WASHINGTON - Parents, get ready to drop that remote and grab the crayons, jump ropes, and board games.
TV-Turnoff Week starts Monday.
The annual test of parental resolve is celebrating its 10th anniversary this year. A record 7.5 million people are expected to unplug the TV set and participate in the weeklong celebration of life without television.
That's the largest number of TV-Turnoff participants ever, according to the organizers. They say support for the event has been buoyed by recent reports showing a connection between television and childhood obesity, as well as a potential link between toddlers' TV habits and attention-deficit disorder.
Michelle Waddell, a third-grade teacher at Frank Elementary School in Perrysburg, will be among those participating in TV-Turnoff Week. Ms. Waddell, who has three young children, is coordinating the school's TV-Turnoff Week activities, which include a crafts night at the local Michael's store, swimming at the YMCA, and a two-for-one coupon at a local golf center.
"We want people to know that there are other things to do besides sitting on your bottom in front of the TV," Ms. Waddell said. "Yes, it's hard. I myself really want to watch American Idol next week. It's definitely more effort on the part of parents."
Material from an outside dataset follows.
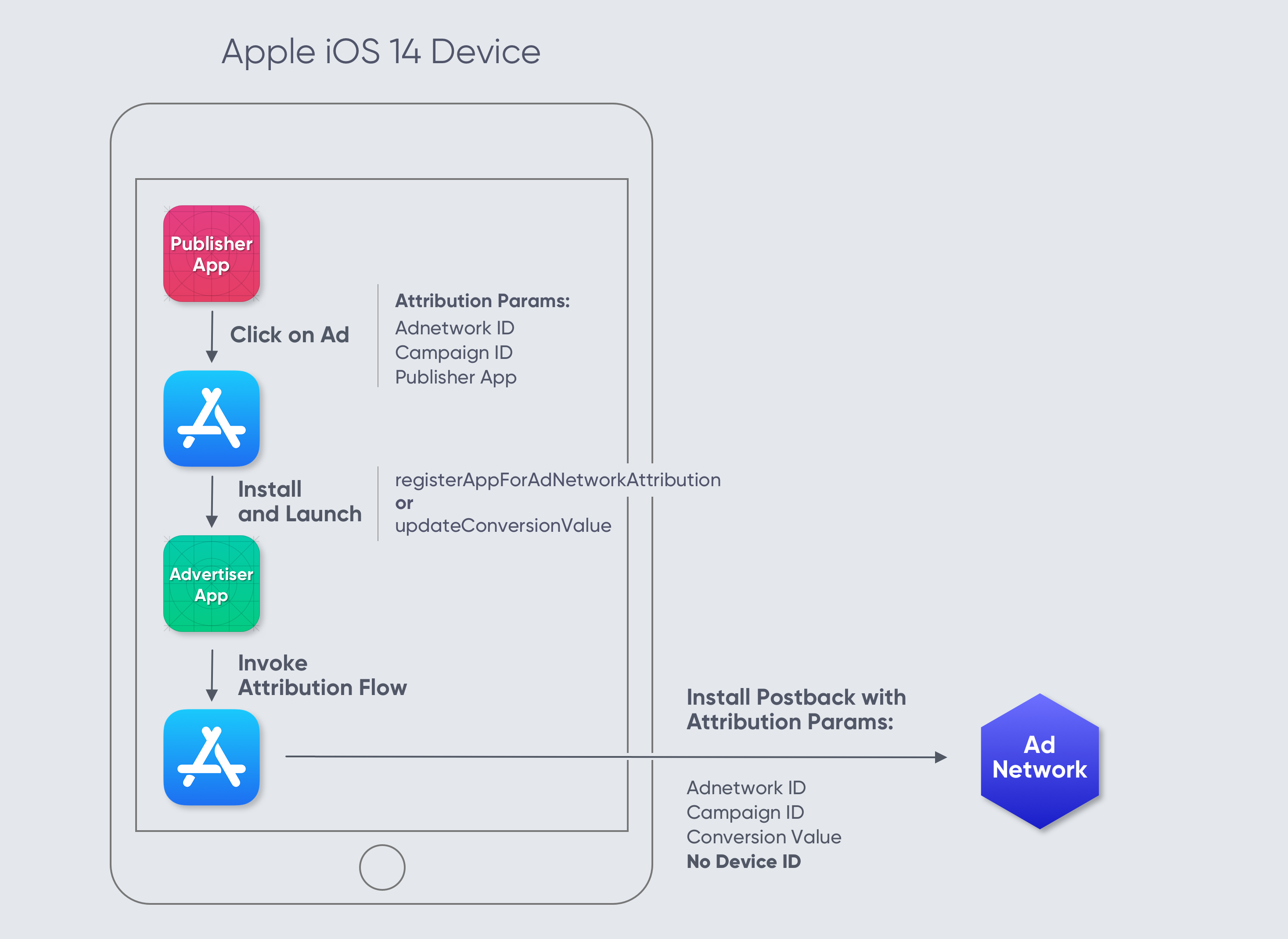 Apple iOS14 SKAdNetwork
With reports indicating that American children age 2 to 18 typically spend about 19 hours a week watching TV and that 26 percent of children under the age of 2 have TVs in their bedroom, has TV-Turnoff Week really had any impact over the
Absolutely, says Frank Vespe, executive director of TV-Turnoff Network, the nonprofit group that sponsors TV-Turnoff Week. The group's Web site is www.tvturnoff.org.
"A decade ago, we certainly weren't talking about excessive television watching as a problem," Mr. Vespe said. "Now, everyone's talking about it. So, one thing we've done is just spark a lot of public debate about television viewing, getting people to examine the place of television in their lives."
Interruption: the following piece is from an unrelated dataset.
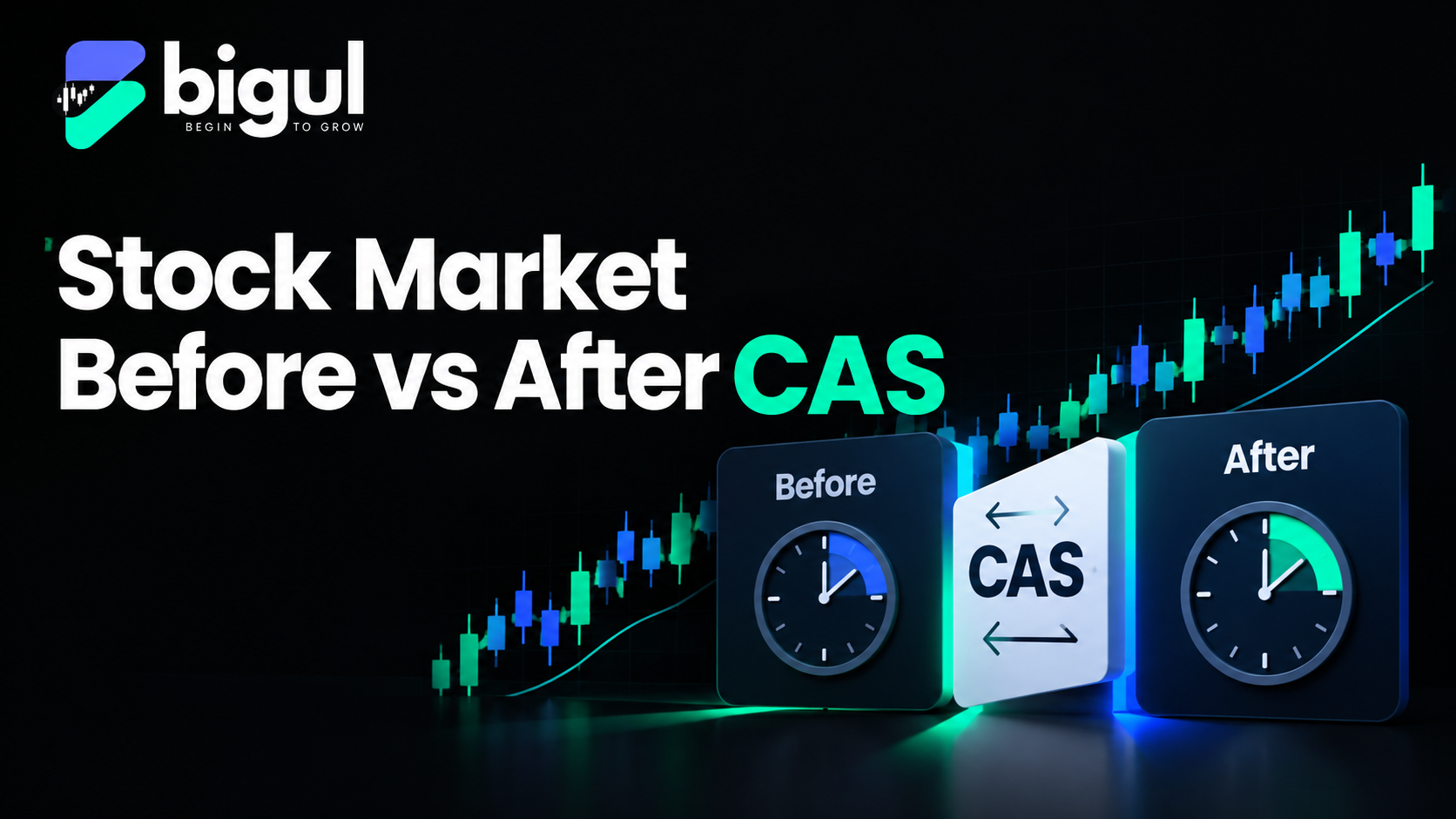 Stock market closing price comparison before and after Closing Auction Session (CAS)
But people aren't just talking about limiting TV time, they're actually doing something about it, he added. "For example, the percentage of kids who watch little or no TV has gone up significantly in the last 10 years."
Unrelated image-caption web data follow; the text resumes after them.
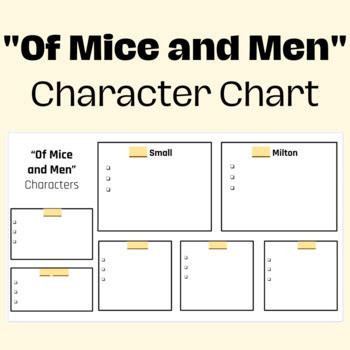 Mice Of Men Character Chart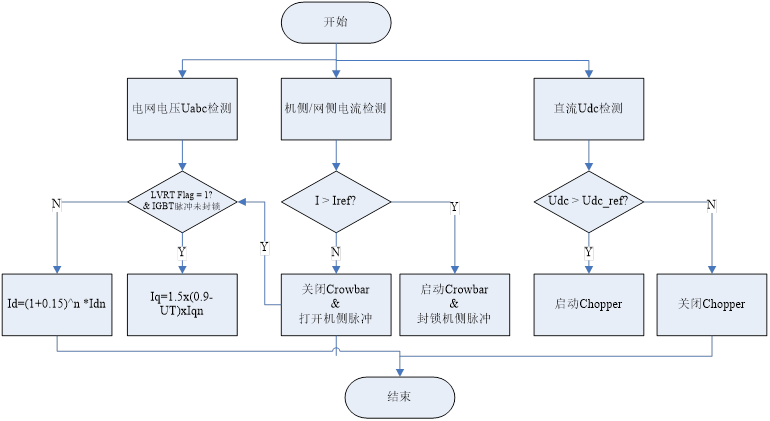 雙饋縮比風(fēng)力發(fā)電實驗系統(tǒng)(圖10)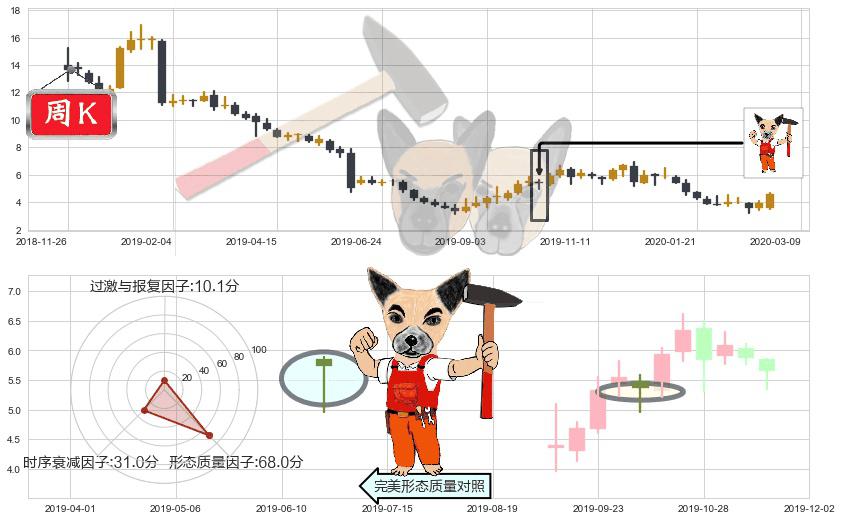 游戏驿站(usGME)锤头线（锤子线）K线图-阿布量化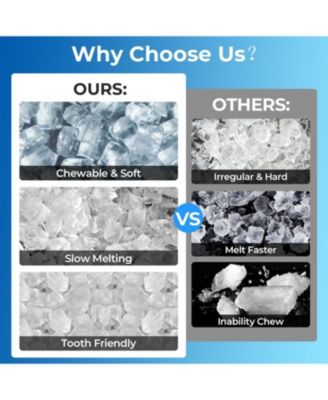 Nugget Ice Maker Countertop - 44LB/Day, Self-Cleaning Portable Ice Machine with LED Display, 10-15 Minute Fast Ice Making for Home/Office/Bar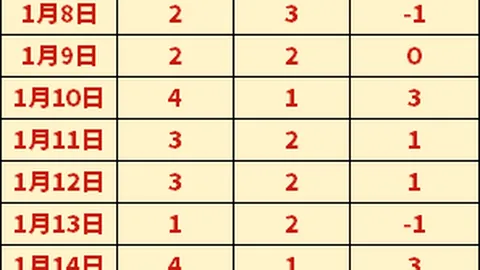 西甲5强队有望晋级欧冠？西甲欧冠之路光明璀璨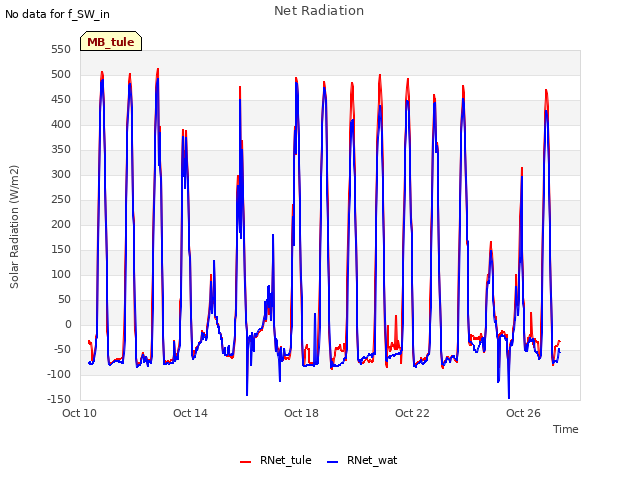 Explore the graph:Net Radiation in a new window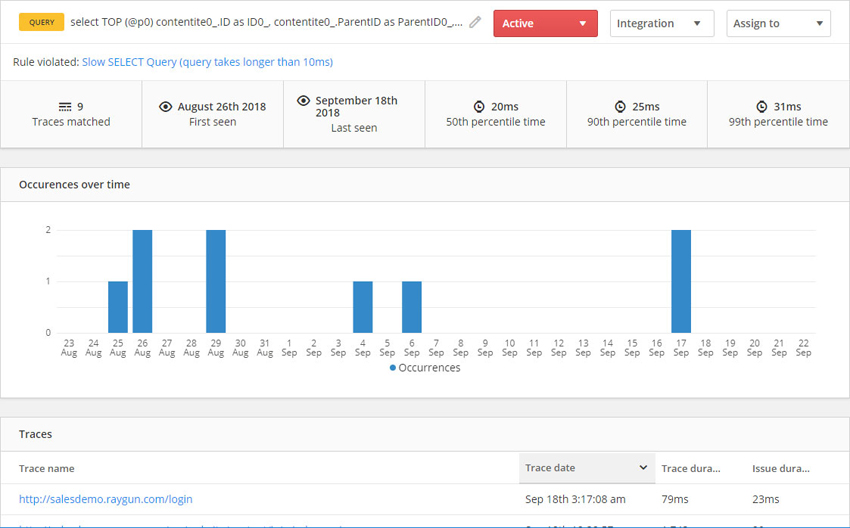 Развертывание проблемы медленного выполнения SQL-запроса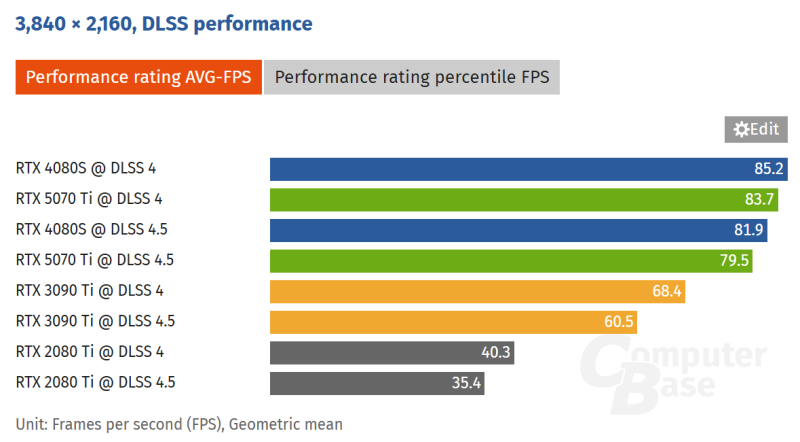 Тест Nvidia DLSS 4.5 на видеокартах серий RTX 50/40/30/20 показывает потерю производительности на 12 % у Ampere и Turing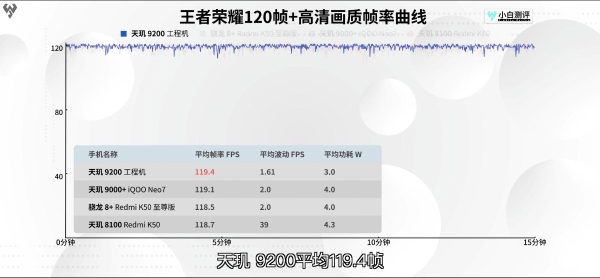 天玑9200旗舰芯评测回顾，顶级性能与超低功耗两个都要！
He cited federal education statistics showing that 38 percent of kids watched one hour of TV or less in 2002, compared to 19 percent in 1994.
"In addition, U.S. Census Bureau figures show that the percentage of kids under 12 who have rules limiting their TV viewing has increased from 63 percent to 72 percent over the past six years. That's 4 million kids,'' Mr. Vespe said.
Broadcasters' groups, however, say turning off the TV isn't necessarily a good thing because children need to learn their way around today's media-saturated world. Parents would do better to teach their children to be selective about what they watch, these groups say.
"To say, 'Turn it off,' doesn't allow for the fact that there are some really fabulous things available through the media," said Peggy O'Brien, director of Cable In the Classroom, a cable TV industry program offering educational and technology resources to U.S. public and private schools.
Ms. O'Brien's group just teamed with the National PTA to release a new guide designed to help parents and caregivers develop a plan for childrens' use of media, including television, computers, and video games. The report can be downloaded at www.ciconline.org.
"As media becomes more prevalent in our lives, parents really need to be savvy about this stuff," Ms. O'Brien added.
Guidelines published by the American Academy of Pediatricians recommends "no more than one to two hours of quality TV and videos a day for older children." Children under 2 shouldn't have any "screen time'' at all according to the pediatricians' group.
Mr. Vespe said his group understands that only a fraction of Americans would choose to live without television, as recommended by more radical group called Kill Your Television www.turnoffyourtv.com. The statistics back him up: Only 11 percent of parents have seriously considered getting rid of the TV, according to a 2002 study.
"We're not Luddites - we do live in the modern world," Mr. Vespe said. "Our message, in general, is that less is more."
In the last few years, the campaign to get people to limit their TV viewing has expanded to include limiting other types of "screen time,'' including computers, hand-held electronic devices, and video games, Mr. Vespe said. A new survey by Michigan State University has found, for example, that children are spending as much - if not more - time playing video games as they are watching television.
"We encourage people to make Turnoff Week a week away from all of the electronic screens," Mr. Vespe said.
"Right now, the combination of those electronic screens has overwhelmed all other activities except sleeping. If we want our kids to grow up active and engaged, we've got to teach them that."
A list of TV-free activities can be found at www.limittv.org/alternat.htm.